BURNEY. 'Perhaps, Sir, that may be from want of exercise.'

JOHNSON. 'No, Sir; he has partly as much exercise as he used to have, for he digs in the garden. Indeed, before his confinement, he used for exercise to walk to the ale-house; but he was carried back again. 

‘I did not think he ought to be shut up. His infirmities were not noxious to society. He insisted on people praying with him; and I'd as lief pray with Kit Smart as any one else. 

‘Another charge was, that he did not love clean linen; and I have no passion for it.'


Johnson continued. 

'Mankind have a great aversion to intellectual labour; but even supposing knowledge to be easily attainable, more people would be content to be ignorant than would take even a little trouble to acquire it.'

'The morality of an action depends on the motive from which we act.

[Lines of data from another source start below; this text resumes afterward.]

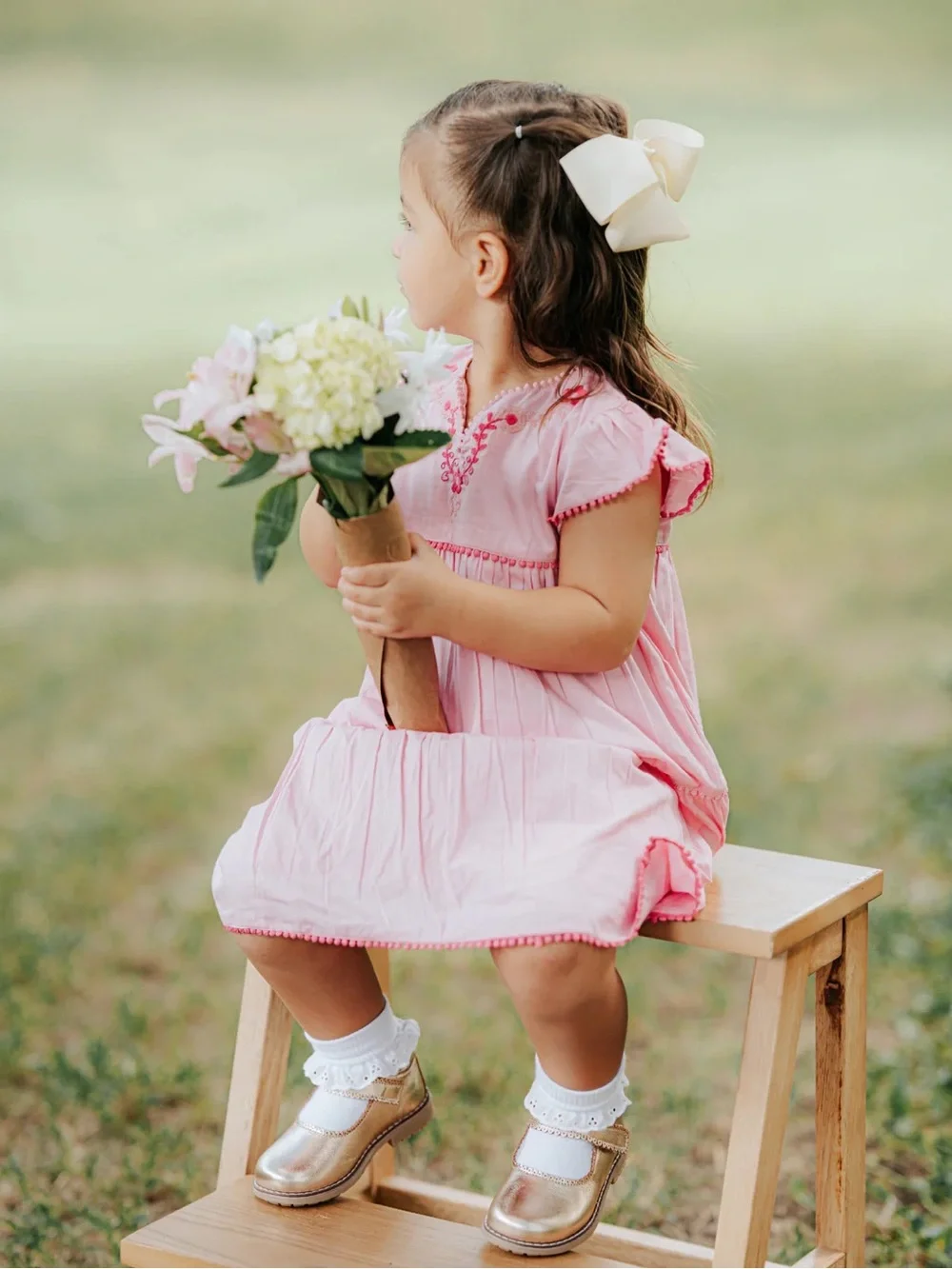 Gold Mary Jane Kids Shoes - Nomandino
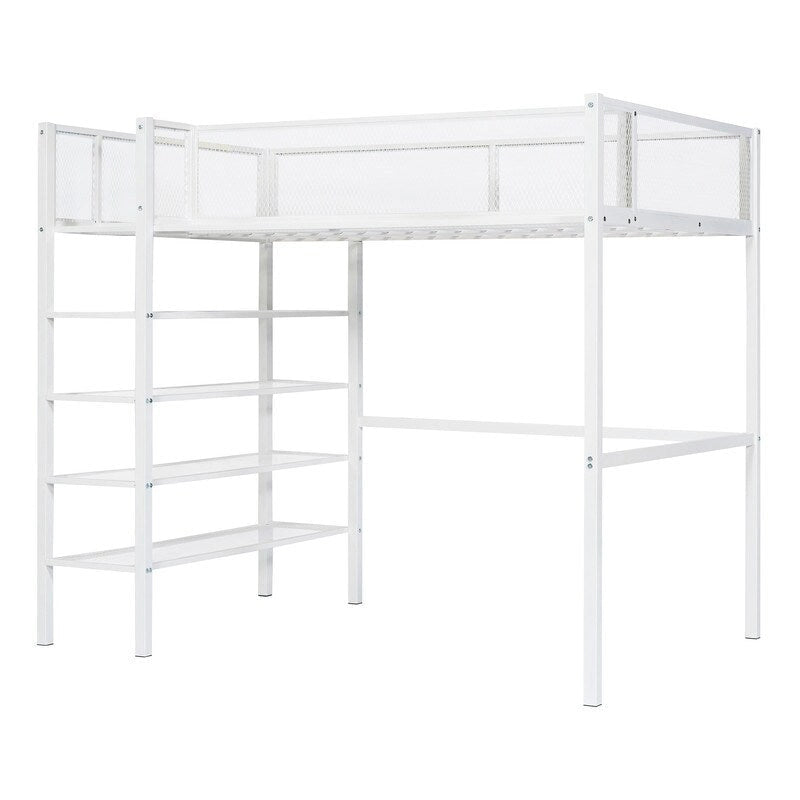 Cama loft individual de metal con estantes de 4 niveles y almacenamiento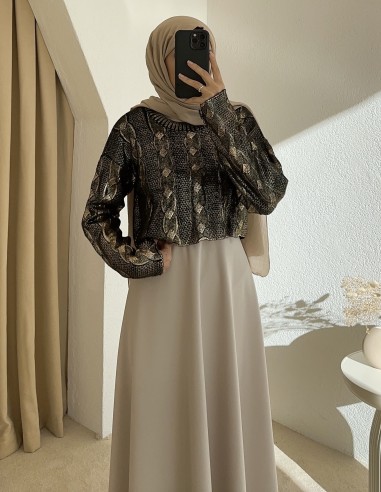 BS-207 simli crop kazak - gold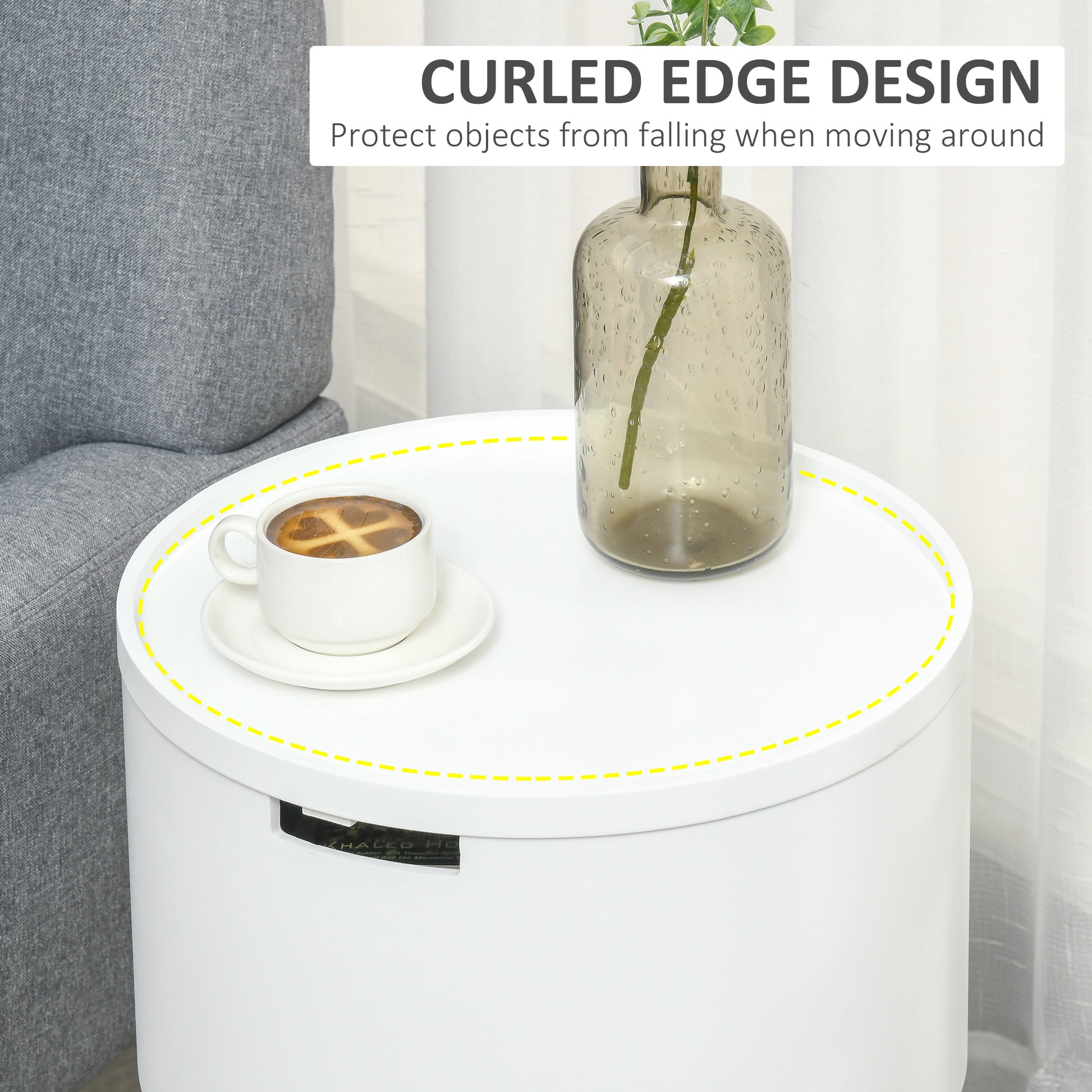 Homcom Modern Side Table with Hidden Storage Space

If I fling half a crown to a beggar with intention to break his head, and he picks it up and buys victuals with it, the physical effect is good; but, with respect to me, the action is very wrong.’ 


‘So, religious exercises, if not performed with an intention to please GOD, avail us nothing. As our Saviour says of those who perform them from other motives, "Verily they have their reward."’

When I rose a second time he again pressed me to stay, which I did.

He told me, that he generally went abroad at four in the afternoon, and seldom came home till two in the morning. I took the liberty to ask if he did not think it wrong to live thus, and not make more use of his great talents. He owned it was a bad habit. 


On reviewing, at the distance of many years, my journal of this period, I wonder how, at my first visit, I ventured to talk to him so freely, and that he bore it with so much indulgence.

Before we parted, he was so good as to promise to favour me with his company one evening at my lodgings; and, as I took my leave, shook me cordially by the hand. It is almost needless to add, that I felt no little elation at having now so happily established an acquaintance of which I had been so long ambitious.

My readers will, I trust, excuse me for being thus minutely circumstantial, when it is considered that the acquaintance of Dr. Johnson was to me a most valuable acquisition, and laid the foundation of whatever instruction and entertainment they may receive from my collections concerning the great subject of the work which they are now perusing.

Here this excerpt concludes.